Meanwhile, back at the ranch...
photo by Pat O'Toole
We have had extreme cold. Temperatures were mostly below zero for a couple of weeks, with several days of minus twenty-five. A few days ago, we had a lot of wind which “blew out” our sheep on the Red Desert. In a blizzard with high winds, the sheep just set out and walk before the wind. The Red Desert has very few fences, which is fortunate. In a storm like this one, livestock walk out away from the storm, seeking shelter and relief. Over the years, many animals have been lost when they piled up against a fence and suffocated. In the Red Desert area, usually they can safely travel until the storm passes. When the storm blew over, it took us two days to find one band and a couple of days to trail them back to our allotment. When we found the last band, they had miixed with a neighbor's sheep, which meant that we had to set up portable corrals and sort them. This particular neighbor, from Kansas (where they had storm-related troubles of their own) had sub-leased BLM AUM's (Animal Unit Months--a way of measuring grazing) and had never been to the Red Desert before.
The bitter cold came in on the heels of the storm. Pat went out to the sheep camps to make sure that men and animals were faring well. (We had been in contact by cell phone.) On his way back home (some 125 miles), but still way north of Wamsutter, his pickup developed an oil leak. He stopped on a high point and called me for a rescue mission.
At home, I loaded up my pickup with a sleeping bag, food, water, matches, a candle and asked Nerio, one of our Peruvian employees, to accompany me. The trip takes over two hours, so it was well after dark when we reached Continental Divide Rim, a high vantage point. By this time, Pat, who was well bundled up, but couldn't run his pickup, was getting pretty cold.

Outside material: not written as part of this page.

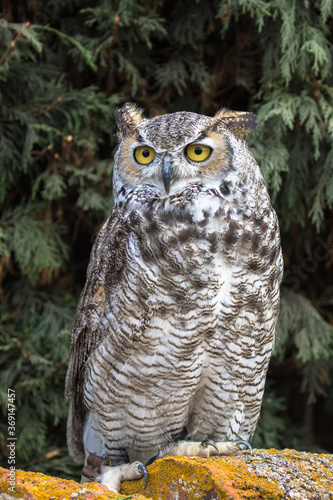 View of a Great Horned Owl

I often curse cell phones, but on this night, they were a life-saver. Pat keep flashing his headlights and was able to guide us in to his location. This is in the heart of the oil field, so there are literally hundreds of roads criss-crossing the desert. We found our way to him, and he was very glad to see us, and especially my pickup’s heater! The next day, we sorted the sheep, and located the broken-down pickup in the labyrinth of roads.
The next day
Red Desert, Sweetwater County
photo by Sharon O'Toole
We were rewarded with the sight of these sage grouse, tumbling through the snow.